Wednesday, February 14, 2024

Mail and Preview Working Together

Wade Tregaskis:

…after I’d filled out a form PDF that was emailed to me. It had exactly the option I wanted first and foremost, to send the completed PDF back to the sender.

Sure, manually digging up the completed PDF from disk and dragging it into a Mail Compose [Reply] window isn’t hard, but it just feels so thoughtful when the system saves me the effort. Knowing that someone, somewhere, actually thought through how Mail & Preview might be used, and thought enough of their users to go to the trouble of implementing this.

This does not happen when editing an image file.
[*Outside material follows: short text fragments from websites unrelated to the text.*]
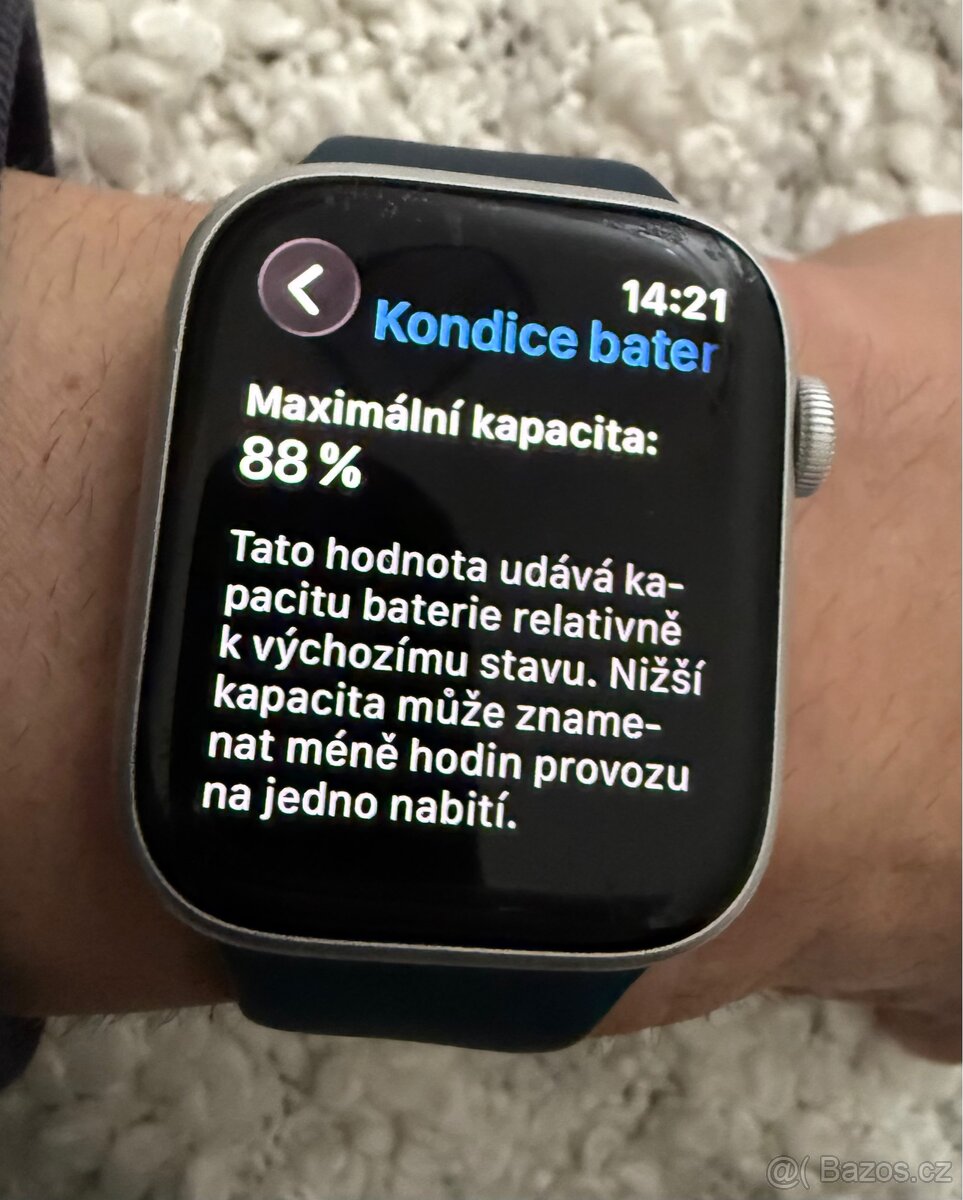 Apple Watch 9 Cellular 45mm - 6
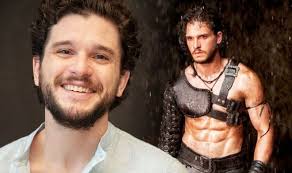 Kit harington is known for playing jon snow on 'game of thrones,' but that wasn't the only part kit was in the running for. Kit Harington Games Of Thrones Jon Snow And Pompeii Star Diet And Fitness Plan Express Co Uk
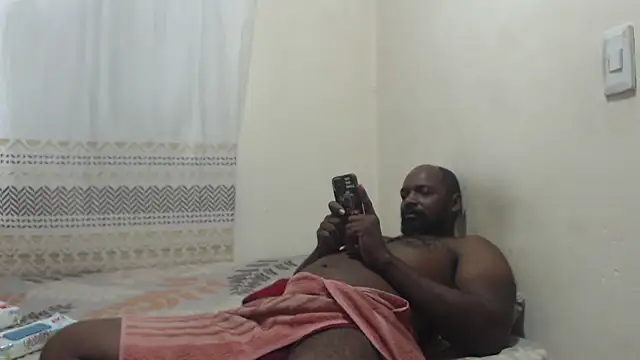 HARLEXBIGCOCK Pertunjukan Webcam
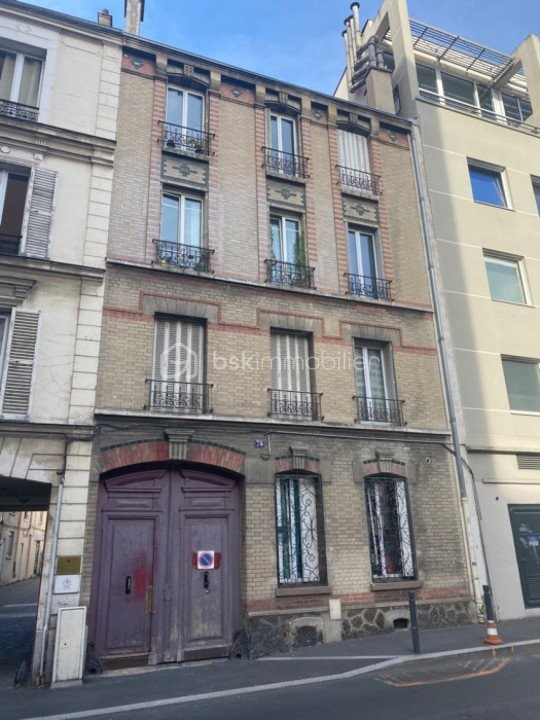 Vente Appartement à Montreuil 2 pièces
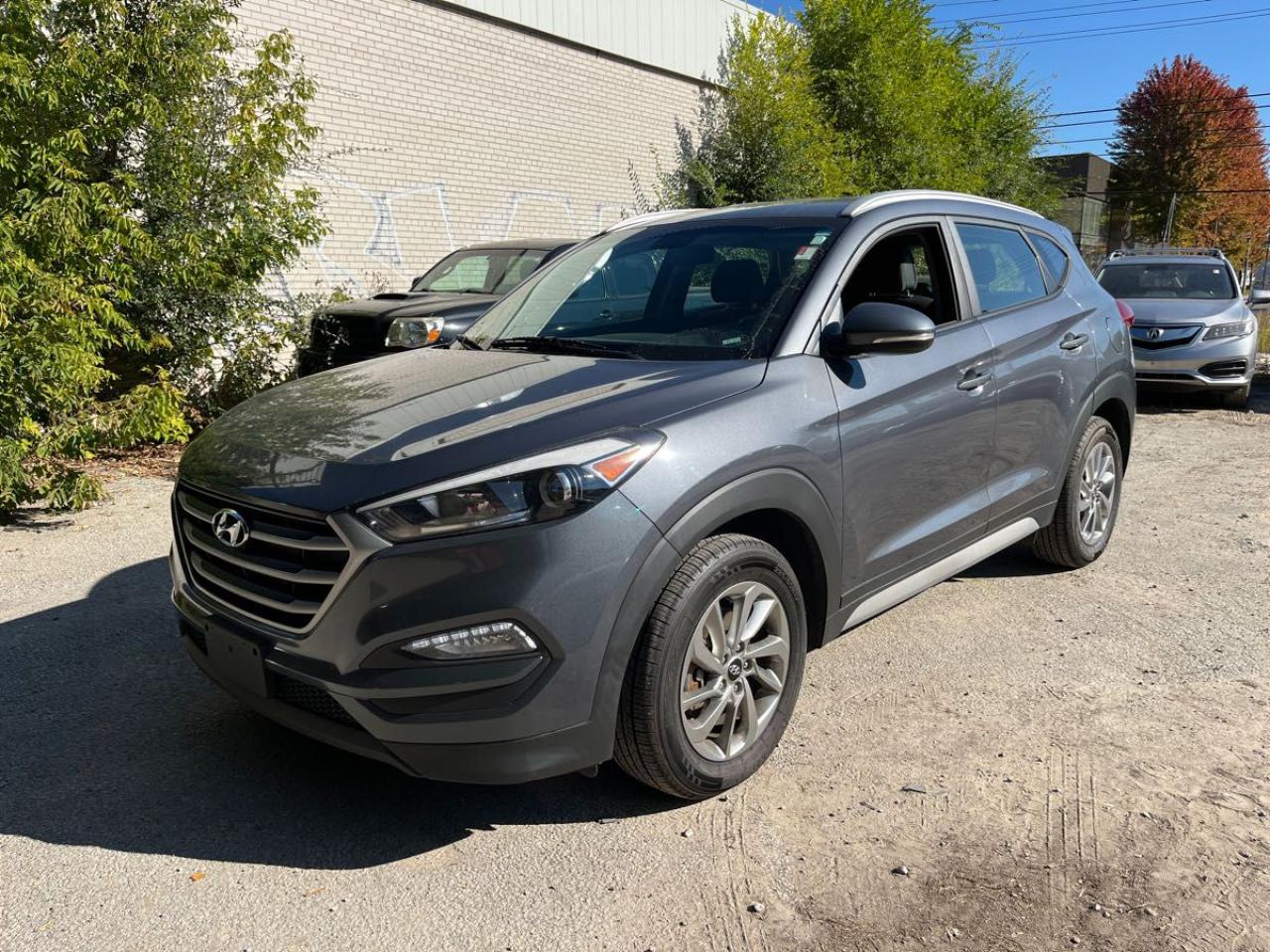 Used 2018 Hyundai Tucson Premium | AWD | Cam | CarPlay | Bluetooth | Alloys for sale in Oshawa, ON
Is it only for PDF forms?

Unlike with kMDItemWhereFroms, there does not seem to be a public API, e.g. so that a third-party mail client could make the same information available to Preview or a third-party document editor could access the information from Mail.

The metadata seems to be stored in the com.apple.metadata:kMDLabel_6wu35kendfqeclnscacnwxtp5a extended attribute, which seems to be encrypted. I guess this is to prevent accidentally sharing it with other Macs because on the same Mac it’s accessible using mdls. Finder also displays an envelope badge on files with this attribute and displays some of the e-mail information.

Update (2024-04-08): Simon:

So far so good I guess. But did you know that when you select such a file in column view it now displays that email icon and a link (to Mail, and in my case non-functional) INSTEAD of the file size in the location where the file size used to be? So in order to see the size of a file that came as an email attachment I’m now having to open a Get Info window.